Mozilla did lay off most of its employees that were working directly on the
Rust language and its implementation. This was a handful of people.

Mozilla also laid off some employees that were using Rust, such as the Servo
team.

But Mozilla still has plenty of employees that know and use Rust, both in
Firefox (e.g. the WebRender team), and in code relating to Firefox such as
services. This is a much larger number of people.

------
ndesaulniers
> The improvements I did are mostly what could be described as “bottom-up
> micro-optimizations”.

> I also did two larger “architectural” or “top-down” changes

My summer intern started doing profiling work on compile times with clang:
[https://lists.llvm.org/pipermail/llvm-
dev/2020-July/143012.h...](https://lists.llvm.org/pipermail/llvm-
dev/2020-July/143012.html)

Some things we found:

* for a large C codebase like the Linux kernel, we're spending way more time in the front-end (clang) than the backend (llvm). This was surprising based on rustc's experience with llvm. Experimental patches simplifying header inclusion dependencies in the kernel's sources can potentially cut down on build times by ~30% with EITHER gcc or clang.

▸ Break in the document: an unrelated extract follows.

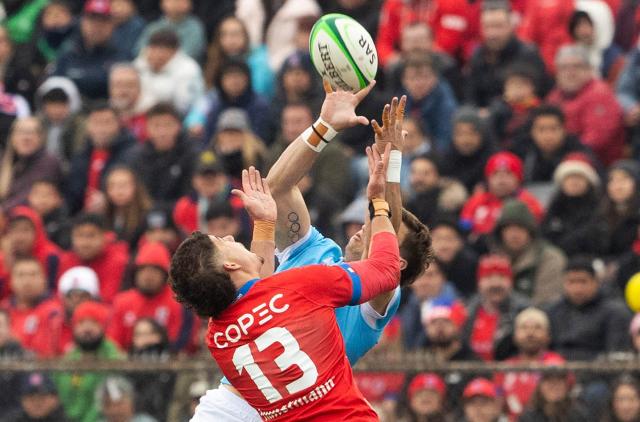 Chile's centre #13 Matias Garafulic and Uruguay's centre #12 Andres Vilaseca fight for the ball during the Rugby World Cup qualifiying 2025 first leg final between Chile and Uruguay at the La Pintana Municipal stadium in Santiago, on August 30, 2025. (Photo by Raul BRAVO / AFP)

* There's a fair amount of low hanging fruit that stands out from bottom up profiling. We've just started fixing these, but the most immediate was 13% of a Linux kernel build recomputing target information for every inline assembly statement in a way that was accidentally quadratic and not being memoized when it could be (in fact, my intern wrote patches to compute these at compile time, even). Fixed in clang-11. That was just the first found+fixed, but we have a good list of what to look at next. The only real samples showing up in the llvm namespace (vs clang) is llvm's StringMap bucket lookup but that's from clang's preprocessor.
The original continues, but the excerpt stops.